[EXERCISE INSTRUCTIONS]: Once the line with "Tapis interactif de" is found in the entries below, print it and each following line exactly, stopping after the line with "disk jockeying, naked"; print nothing else.

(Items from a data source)

┌────────

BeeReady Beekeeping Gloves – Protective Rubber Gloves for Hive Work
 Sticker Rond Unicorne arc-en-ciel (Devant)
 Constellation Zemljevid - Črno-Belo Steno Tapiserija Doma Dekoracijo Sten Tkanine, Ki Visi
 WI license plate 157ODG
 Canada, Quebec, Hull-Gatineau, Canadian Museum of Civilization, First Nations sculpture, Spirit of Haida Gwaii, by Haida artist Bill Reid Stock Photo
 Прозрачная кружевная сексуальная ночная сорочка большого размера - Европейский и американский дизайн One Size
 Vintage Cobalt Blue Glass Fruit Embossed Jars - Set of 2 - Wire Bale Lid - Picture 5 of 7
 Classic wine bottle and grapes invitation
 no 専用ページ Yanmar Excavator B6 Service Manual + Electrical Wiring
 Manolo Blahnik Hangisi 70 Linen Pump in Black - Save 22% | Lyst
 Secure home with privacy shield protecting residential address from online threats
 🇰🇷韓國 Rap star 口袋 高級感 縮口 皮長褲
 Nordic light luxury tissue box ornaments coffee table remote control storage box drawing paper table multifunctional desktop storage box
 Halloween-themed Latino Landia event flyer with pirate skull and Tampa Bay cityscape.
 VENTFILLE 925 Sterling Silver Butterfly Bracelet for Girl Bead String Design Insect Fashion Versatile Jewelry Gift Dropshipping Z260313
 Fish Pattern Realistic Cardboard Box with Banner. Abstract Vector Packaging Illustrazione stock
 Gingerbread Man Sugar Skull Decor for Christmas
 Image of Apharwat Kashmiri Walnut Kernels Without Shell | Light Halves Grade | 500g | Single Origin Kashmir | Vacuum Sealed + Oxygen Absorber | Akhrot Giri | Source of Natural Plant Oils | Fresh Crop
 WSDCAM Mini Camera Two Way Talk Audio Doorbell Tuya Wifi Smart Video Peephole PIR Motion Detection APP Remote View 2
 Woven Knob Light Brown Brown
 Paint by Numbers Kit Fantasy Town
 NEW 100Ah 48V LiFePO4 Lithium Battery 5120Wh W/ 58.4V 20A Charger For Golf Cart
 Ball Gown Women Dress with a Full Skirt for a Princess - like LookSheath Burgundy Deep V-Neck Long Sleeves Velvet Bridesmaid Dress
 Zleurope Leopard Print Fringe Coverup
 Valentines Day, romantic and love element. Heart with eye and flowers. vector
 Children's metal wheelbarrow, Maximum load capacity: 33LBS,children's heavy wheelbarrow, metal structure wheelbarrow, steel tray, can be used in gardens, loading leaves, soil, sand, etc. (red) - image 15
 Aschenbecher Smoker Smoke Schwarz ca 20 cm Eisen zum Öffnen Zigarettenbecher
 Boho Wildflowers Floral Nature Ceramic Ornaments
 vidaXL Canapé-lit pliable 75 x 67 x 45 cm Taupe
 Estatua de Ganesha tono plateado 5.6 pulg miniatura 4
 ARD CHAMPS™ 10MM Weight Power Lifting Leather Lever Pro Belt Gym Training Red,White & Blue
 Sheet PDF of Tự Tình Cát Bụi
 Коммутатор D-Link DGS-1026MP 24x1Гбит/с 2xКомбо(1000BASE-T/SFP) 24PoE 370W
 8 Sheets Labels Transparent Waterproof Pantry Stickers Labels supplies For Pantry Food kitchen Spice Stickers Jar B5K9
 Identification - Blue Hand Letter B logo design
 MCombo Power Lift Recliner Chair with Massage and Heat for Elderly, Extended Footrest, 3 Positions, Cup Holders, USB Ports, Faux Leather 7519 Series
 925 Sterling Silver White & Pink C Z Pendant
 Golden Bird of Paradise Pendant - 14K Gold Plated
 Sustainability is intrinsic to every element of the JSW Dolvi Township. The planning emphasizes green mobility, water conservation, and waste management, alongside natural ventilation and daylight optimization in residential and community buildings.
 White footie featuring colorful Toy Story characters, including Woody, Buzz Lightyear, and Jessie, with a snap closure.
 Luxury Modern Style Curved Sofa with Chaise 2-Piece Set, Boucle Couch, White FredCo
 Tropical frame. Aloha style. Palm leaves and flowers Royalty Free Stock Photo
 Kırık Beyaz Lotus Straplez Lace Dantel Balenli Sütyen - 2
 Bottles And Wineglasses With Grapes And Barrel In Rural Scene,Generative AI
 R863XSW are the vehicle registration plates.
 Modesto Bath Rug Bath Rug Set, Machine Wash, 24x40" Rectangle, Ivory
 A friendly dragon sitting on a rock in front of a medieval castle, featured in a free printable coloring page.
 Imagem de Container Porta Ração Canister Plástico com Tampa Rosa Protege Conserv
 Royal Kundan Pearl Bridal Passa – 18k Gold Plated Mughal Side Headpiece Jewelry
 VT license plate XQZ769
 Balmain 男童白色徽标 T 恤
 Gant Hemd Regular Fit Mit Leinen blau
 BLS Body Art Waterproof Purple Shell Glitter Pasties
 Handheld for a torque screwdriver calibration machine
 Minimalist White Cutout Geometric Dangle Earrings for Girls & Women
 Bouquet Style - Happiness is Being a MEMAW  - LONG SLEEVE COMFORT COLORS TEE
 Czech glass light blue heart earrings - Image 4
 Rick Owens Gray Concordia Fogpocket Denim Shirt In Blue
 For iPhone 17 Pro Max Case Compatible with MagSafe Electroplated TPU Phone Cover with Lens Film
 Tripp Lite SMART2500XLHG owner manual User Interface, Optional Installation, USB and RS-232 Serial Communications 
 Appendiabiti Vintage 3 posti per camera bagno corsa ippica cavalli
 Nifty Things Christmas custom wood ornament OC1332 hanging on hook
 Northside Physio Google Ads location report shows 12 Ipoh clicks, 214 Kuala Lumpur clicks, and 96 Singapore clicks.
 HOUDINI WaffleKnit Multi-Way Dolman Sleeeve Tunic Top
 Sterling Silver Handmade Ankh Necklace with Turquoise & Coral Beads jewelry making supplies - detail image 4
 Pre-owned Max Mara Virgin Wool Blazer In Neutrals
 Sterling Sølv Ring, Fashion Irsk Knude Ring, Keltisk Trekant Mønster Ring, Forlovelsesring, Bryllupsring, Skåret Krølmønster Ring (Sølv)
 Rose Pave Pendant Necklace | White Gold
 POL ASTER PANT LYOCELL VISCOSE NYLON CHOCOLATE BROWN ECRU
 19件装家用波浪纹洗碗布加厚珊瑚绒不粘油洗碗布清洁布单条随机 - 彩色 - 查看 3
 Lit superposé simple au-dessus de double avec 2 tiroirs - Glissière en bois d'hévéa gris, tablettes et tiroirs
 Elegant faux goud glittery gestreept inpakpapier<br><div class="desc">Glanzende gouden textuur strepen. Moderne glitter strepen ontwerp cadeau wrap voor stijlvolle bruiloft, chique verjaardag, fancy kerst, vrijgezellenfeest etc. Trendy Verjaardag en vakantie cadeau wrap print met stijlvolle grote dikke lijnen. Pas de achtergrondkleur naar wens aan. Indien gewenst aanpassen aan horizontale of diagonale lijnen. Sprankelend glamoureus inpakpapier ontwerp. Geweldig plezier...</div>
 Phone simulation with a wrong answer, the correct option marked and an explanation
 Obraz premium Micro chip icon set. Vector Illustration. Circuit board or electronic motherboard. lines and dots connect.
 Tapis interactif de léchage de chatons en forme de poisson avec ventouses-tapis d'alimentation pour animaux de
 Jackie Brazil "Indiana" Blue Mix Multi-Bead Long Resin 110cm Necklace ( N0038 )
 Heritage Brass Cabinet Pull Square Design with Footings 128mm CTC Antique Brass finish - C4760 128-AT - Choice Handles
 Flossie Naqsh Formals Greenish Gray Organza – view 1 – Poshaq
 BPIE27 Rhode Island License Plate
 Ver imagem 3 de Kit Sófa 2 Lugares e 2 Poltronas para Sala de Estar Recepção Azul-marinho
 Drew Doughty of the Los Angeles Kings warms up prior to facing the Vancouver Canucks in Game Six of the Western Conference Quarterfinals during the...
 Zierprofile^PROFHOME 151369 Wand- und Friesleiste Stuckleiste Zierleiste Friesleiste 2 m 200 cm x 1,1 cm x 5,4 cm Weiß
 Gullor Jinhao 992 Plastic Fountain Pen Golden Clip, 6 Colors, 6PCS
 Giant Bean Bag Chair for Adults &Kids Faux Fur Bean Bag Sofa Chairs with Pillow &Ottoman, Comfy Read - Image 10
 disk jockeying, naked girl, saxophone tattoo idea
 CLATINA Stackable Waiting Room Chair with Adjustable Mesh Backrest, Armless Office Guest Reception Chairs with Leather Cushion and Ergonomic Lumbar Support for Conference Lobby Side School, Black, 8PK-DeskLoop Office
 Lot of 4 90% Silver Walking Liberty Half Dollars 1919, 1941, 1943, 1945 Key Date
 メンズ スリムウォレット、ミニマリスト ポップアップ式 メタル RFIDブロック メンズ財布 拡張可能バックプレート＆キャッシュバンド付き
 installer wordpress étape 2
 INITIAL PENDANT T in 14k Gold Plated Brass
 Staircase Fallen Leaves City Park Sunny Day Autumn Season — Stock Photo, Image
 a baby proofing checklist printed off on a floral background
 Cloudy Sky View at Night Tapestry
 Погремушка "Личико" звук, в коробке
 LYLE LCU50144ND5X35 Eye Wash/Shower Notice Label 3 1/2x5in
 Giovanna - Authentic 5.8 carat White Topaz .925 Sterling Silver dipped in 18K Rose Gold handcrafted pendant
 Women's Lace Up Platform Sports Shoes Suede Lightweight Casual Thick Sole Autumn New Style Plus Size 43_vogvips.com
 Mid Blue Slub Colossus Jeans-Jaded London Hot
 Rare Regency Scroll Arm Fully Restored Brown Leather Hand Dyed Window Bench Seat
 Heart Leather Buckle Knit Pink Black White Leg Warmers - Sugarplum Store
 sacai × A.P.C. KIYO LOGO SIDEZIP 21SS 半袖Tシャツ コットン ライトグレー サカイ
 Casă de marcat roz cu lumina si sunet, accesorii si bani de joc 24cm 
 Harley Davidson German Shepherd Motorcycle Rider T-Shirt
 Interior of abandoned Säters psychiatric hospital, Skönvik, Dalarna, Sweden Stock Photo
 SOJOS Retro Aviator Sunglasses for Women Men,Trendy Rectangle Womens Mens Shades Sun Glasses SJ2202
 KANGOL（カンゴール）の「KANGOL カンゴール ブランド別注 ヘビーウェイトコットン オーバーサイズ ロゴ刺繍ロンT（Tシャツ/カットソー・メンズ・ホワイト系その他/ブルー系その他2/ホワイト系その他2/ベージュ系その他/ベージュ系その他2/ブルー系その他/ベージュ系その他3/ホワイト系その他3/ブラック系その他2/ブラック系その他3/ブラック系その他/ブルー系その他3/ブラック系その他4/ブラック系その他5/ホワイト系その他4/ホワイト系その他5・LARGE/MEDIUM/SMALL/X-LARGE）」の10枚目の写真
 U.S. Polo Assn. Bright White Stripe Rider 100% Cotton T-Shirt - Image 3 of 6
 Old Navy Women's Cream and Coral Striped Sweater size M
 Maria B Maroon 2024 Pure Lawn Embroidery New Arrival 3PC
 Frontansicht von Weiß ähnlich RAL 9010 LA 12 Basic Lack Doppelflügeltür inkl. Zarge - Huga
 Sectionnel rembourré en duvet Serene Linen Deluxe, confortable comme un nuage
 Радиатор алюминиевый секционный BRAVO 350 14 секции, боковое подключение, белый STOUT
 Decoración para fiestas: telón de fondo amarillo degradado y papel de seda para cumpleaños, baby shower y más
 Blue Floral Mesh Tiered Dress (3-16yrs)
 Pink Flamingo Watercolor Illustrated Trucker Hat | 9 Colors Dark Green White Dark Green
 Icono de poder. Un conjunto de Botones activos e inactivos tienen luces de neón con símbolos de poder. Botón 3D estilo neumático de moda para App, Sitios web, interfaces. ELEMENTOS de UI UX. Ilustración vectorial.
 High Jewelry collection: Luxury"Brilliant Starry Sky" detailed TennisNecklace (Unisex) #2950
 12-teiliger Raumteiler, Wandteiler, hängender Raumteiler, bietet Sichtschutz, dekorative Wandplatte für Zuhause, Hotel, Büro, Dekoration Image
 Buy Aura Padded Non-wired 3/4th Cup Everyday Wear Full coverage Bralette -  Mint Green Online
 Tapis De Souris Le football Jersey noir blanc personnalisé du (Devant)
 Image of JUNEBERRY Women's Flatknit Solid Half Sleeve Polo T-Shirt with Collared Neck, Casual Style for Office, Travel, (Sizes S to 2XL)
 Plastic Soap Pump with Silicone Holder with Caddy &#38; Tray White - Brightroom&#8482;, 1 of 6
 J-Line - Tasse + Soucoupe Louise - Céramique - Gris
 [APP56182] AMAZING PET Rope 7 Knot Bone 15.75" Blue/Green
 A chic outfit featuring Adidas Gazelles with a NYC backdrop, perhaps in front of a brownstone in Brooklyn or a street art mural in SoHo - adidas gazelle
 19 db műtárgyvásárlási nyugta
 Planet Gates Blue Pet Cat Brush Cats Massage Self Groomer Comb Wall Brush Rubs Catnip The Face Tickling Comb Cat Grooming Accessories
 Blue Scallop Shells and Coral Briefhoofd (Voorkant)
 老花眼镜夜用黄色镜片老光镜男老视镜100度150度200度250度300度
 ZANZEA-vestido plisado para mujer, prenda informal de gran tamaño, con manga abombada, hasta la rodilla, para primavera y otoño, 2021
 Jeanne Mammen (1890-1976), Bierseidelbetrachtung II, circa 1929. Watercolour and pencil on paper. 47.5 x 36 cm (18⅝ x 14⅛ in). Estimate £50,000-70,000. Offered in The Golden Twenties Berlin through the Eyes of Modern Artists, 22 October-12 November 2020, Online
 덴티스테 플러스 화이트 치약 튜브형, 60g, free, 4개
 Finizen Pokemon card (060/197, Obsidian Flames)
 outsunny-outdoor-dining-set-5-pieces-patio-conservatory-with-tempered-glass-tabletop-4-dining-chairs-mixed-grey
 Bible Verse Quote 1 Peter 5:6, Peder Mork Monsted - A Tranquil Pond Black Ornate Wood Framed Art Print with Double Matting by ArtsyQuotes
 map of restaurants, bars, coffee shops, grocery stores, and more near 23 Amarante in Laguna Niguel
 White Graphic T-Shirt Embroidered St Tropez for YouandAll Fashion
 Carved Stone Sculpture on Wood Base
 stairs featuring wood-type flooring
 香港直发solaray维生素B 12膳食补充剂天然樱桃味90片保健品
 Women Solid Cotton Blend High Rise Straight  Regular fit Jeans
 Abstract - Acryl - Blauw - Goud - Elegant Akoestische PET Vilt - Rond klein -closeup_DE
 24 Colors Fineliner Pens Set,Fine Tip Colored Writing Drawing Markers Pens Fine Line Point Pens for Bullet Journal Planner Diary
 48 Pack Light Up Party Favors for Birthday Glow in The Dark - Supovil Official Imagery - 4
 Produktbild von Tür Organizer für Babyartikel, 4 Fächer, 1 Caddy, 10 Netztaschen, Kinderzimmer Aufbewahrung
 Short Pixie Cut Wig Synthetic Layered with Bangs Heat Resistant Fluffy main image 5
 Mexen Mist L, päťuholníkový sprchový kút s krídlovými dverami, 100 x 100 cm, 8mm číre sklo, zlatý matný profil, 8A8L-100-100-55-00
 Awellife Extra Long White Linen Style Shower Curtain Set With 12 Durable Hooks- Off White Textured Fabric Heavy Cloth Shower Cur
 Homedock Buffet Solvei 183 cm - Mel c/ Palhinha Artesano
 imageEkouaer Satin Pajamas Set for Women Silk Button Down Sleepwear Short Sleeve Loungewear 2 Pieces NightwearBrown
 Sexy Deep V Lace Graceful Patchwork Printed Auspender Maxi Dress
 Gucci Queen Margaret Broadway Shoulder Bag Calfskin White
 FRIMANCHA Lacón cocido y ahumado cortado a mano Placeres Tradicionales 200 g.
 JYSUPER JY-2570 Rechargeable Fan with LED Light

└────────

[REPLY TO THE EXERCISE]:
 Tapis interactif de léchage de chatons en forme de poisson avec ventouses-tapis d'alimentation pour animaux de
 Jackie Brazil "Indiana" Blue Mix Multi-Bead Long Resin 110cm Necklace ( N0038 )
 Heritage Brass Cabinet Pull Square Design with Footings 128mm CTC Antique Brass finish - C4760 128-AT - Choice Handles
 Flossie Naqsh Formals Greenish Gray Organza – view 1 – Poshaq
 BPIE27 Rhode Island License Plate
 Ver imagem 3 de Kit Sófa 2 Lugares e 2 Poltronas para Sala de Estar Recepção Azul-marinho
 Drew Doughty of the Los Angeles Kings warms up prior to facing the Vancouver Canucks in Game Six of the Western Conference Quarterfinals during the...
 Zierprofile^PROFHOME 151369 Wand- und Friesleiste Stuckleiste Zierleiste Friesleiste 2 m 200 cm x 1,1 cm x 5,4 cm Weiß
 Gullor Jinhao 992 Plastic Fountain Pen Golden Clip, 6 Colors, 6PCS
 Giant Bean Bag Chair for Adults &Kids Faux Fur Bean Bag Sofa Chairs with Pillow &Ottoman, Comfy Read - Image 10
 disk jockeying, naked girl, saxophone tattoo idea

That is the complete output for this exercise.